4. How does the idea of isolation/quarantine for two weeks or more hit you? (Advantage: no getting up early for school. Disadvantage: No break from kids if they're home from school.)

Hope everyone stays healthy.



Wednesday, February 5, 2020

February IWSG 2020


It's February, which means a Super Bowl, Valentine's, our odd week off from school (which I desperately need to catch up on my sleep) and another IWSG bloghop. Time must be moving faster these days because I somehow managed to miss the January IWSG entirely. Too much going on. So hats off to those who can keep up with their blogging schedules on top of everything else, including our leader, Alex J. Cavanaugh, and his merry band of co-hosts: Lee Lowery, Ronel Janse van Vuuren, Jennifer Hawes, Cathrina Constantine, and Tyrean Martinson!

This month's optional question: Has a single photo or work of art ever inspired a story? What was it and did you finish it?

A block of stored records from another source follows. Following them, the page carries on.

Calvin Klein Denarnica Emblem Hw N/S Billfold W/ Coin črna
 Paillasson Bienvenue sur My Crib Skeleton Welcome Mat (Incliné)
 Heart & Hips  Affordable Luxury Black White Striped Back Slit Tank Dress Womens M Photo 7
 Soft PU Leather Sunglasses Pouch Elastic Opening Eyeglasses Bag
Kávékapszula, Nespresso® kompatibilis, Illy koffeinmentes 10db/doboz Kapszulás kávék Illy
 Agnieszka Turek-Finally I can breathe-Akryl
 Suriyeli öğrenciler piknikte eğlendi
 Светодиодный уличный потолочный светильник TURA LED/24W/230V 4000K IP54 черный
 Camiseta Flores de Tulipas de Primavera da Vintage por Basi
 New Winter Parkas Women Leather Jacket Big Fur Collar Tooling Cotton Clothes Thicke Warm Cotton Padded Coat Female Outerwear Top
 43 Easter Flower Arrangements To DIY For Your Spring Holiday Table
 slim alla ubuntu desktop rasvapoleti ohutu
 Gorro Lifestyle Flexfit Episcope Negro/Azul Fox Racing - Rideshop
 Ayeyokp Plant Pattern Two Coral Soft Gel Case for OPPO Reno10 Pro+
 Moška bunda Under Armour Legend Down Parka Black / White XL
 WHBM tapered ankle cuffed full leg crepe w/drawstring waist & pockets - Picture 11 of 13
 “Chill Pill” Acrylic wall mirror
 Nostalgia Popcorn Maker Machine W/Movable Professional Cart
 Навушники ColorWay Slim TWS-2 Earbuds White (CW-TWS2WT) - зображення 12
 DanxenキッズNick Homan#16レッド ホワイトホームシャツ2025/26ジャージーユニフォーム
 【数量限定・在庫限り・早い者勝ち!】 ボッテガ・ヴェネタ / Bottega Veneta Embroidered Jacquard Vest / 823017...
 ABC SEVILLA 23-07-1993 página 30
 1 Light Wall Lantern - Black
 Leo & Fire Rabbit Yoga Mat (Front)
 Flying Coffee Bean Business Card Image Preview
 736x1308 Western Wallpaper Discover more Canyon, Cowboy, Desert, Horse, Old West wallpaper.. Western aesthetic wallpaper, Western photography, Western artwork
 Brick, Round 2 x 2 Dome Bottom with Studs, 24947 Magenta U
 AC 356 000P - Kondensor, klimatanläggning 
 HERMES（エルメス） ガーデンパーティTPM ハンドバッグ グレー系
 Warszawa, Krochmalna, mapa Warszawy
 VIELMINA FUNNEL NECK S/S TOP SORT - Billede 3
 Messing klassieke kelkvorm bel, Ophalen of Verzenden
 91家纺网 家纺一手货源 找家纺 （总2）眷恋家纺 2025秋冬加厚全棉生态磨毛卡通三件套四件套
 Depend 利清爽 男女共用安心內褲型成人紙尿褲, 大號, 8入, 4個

Hmmm. I don't think so. Although I've toyed with the idea of a story with a setting inspired from one of my favorite poems, Kubla Khan, by Samuel Taylor Coleridge. Here's a sample to give you an idea of what that might look like, and of course, I couldn't pick just one. 


In Xanadu did Kubla Khan
A stately pleasure-dome decree:


coleridgesque (mandalay hill)
Image: pwbaker



Where Alph, the sacred river, ran
Through caverns measureless to man



Xanadu

Image: John Fowler


Down to a sunless sea.



Waterfall Cavern, Smoo Cave

Image: Nick Bramhall


And here were forests ancient as the hills,
Enfolding sunny spots of greenery.



Mossy Grill

Image: Timo Newton-Syms


Alas, such a project will have to wait. I'm meandering through the second draft of my current story and it's slow going. In my earlier works, cutting and cutting to get under 100K left only dialogue and action. This time around, I've left myself space to explore the character's thoughts, feelings, motivation, and memories, which is great, but challenging.

_____________

What setting are you currently working with or would like to work with in the future?